Determination and panic gripped Morgan’s throat as she slammed on the brakes. She had never killed anything and she was not ready to start now.
Her new Mercedes skidded on the driveway, coming to rest with a sudden violent jerk. The black cat, whose life she had just saved by not crushing under two tons of automobile, stared back at her with mild disregard.
“Oh, you little piece of…” Morgan glowered at the feline through her windshield. She tapped the horn, and the cat scurried across the lawn and up a tree in the front yard.
Ms. Morgan Devlin, real-estate agent in the Dallas area for nearly twenty-three years, chuckled slightly as she grasped the amusing side of the situation. She had just about skidded into her new client’s fence to avoid a stupid cat. She didn’t even like cats.
“Jeez girl,” she said, checking her eyeliner in the rearview mirror, “get a grip.” She wished it were bigger so she could see her hair. She would’ve taken a minute to check her hair in one of the three compact mirrors in her purse, but she was in a hurry and knew there were plenty of mirrors in the house.
Morgan was meeting her boss at this two-story Victorian in the elegant Highland Park district. They were scheduled to do a walk-through and together come up with a plan to market the property. She had hoped to arrive ahead of him and get a feel for the empty house without his flirtatious prattle.
His Jag wasn’t in sight, so she got out of her car and started digging for the house key in her purse. She pulled out a ring of keys all with different colored labels. Holding them up in the sunlight, she searched for the one with the purple tag. As she found the key, something seized her attention. A dark movement in her peripheral vision.
A silhouette had suddenly framed itself in one of the upstairs windows. Then as suddenly as Morgan turned her head to get a good look, it was gone. It hadn’t walked away, but rather fell from view, as if the floor had been removed from the spot in which it stood. Through squinted eyes, she took a harder look at the window, noticing odd shapes of reflected sunlight glimmering along its edge. She shrugged, dismissing the image as a warped reflection in the hot Texas sun.
Seizing the right key, she took a quick glance at herself in the mini-mirror on the key chain. “Looking good today, sugar.”
Entering the house, she did a quick walk-through of the downstairs. When she moved through the kitchen, she snarled a playful growl at her reflection in the microwave door—something she had done a million times as a child.
Before heading upstairs, she stopped to take a good long look at herself in the full-length mirror in the entryway.
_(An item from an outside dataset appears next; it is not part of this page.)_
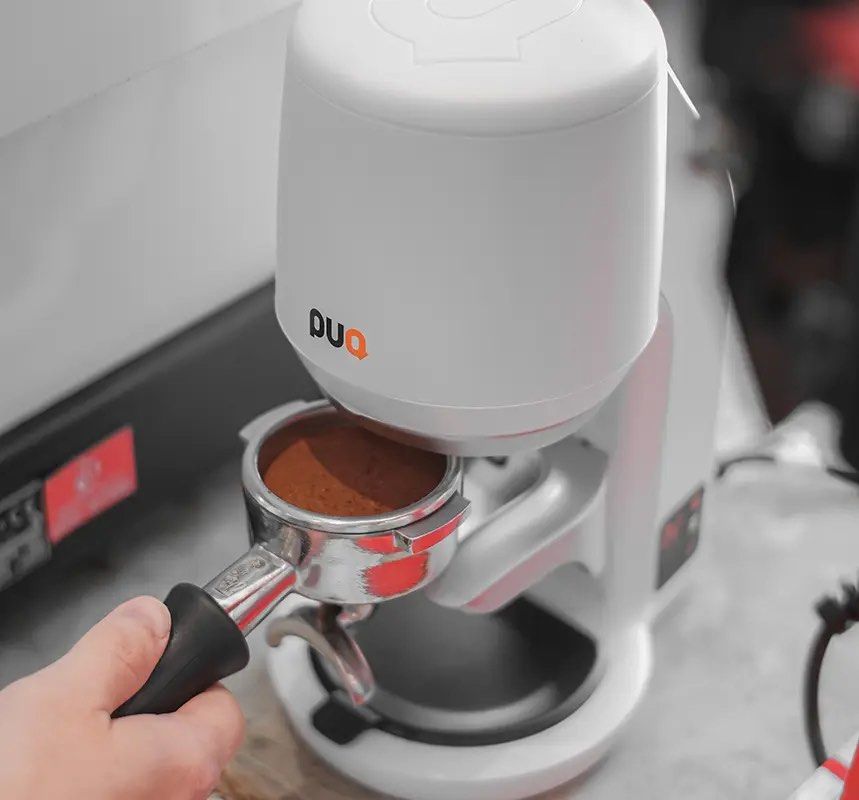 Puqpress Mini 家用全自動壓粉器 Home Automatic Coffee Tamper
Since childhood, staring at herself always seemed to give her a sense of calm. The relationship she had developed with her reflection was all about control. As a teenager, she would stare for hours at herself. When she smiled, her reflection smiled. When she stuck out her tongue, her reflection stuck out her tongue. No matter how far out of control life got, she would always be the master of her reflection. She was in control.
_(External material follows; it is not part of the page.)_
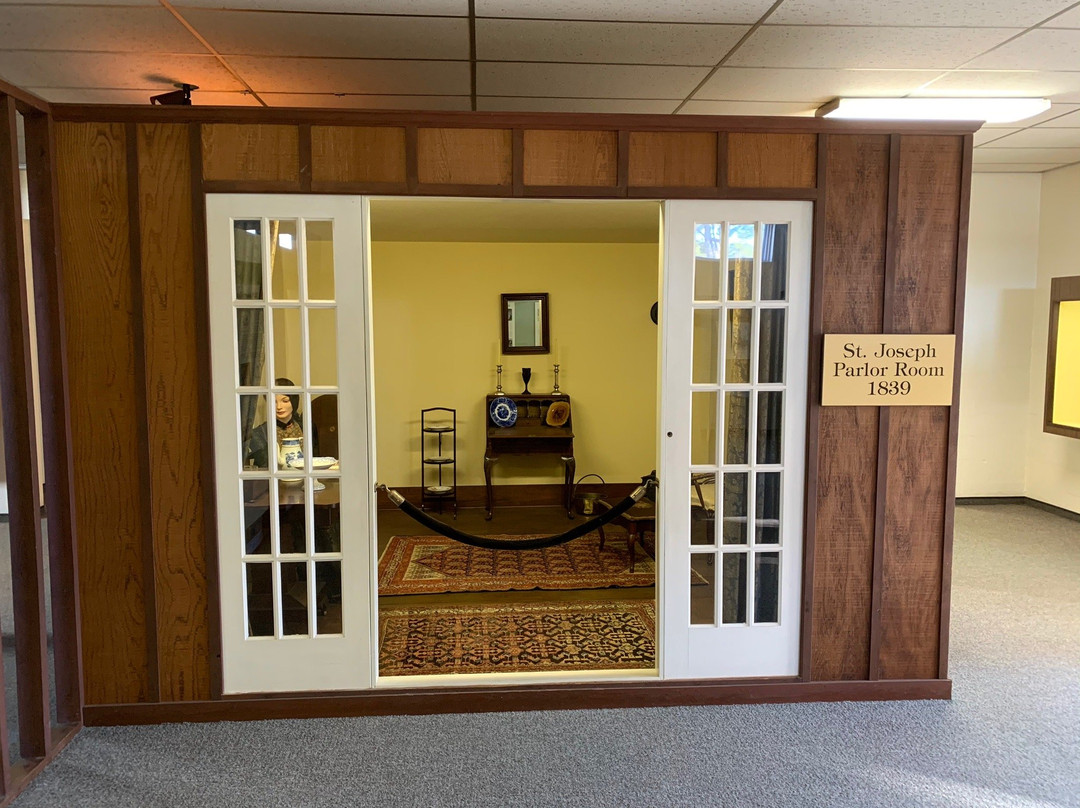 Constitutional Convention Museum State Park景点图片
As an adult, that warming sense of control embodied by her reflection became a check and balance system. When her reflection looked a bit heavy, she could force herself to throw up. Back in control. When her reflection showed too many age lines, she could have an operation. Back in control.
“You’re looking fine today, sister.”
As she stepped onto the second floor, she heard a car horn. Her boss usually liked to make an entrance in his silver Jaguar, even if it was just onto a driveway.
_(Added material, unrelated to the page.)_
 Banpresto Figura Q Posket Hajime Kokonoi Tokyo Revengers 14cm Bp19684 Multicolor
Walking over to a front-facing window, she planned to throw him a wave. But when she looked down, she didn’t see her boss’s car. Only her Mercedes occupied the driveway.
A stem of confusion wound through her mind, then suddenly blossomed into shock as she saw herself get out of her own car. She felt faint watching herself on the driveway, digging through her purse, holding up keys in the sunlight, and looking for the one with the purple label.
Control left her. And so did consciousness.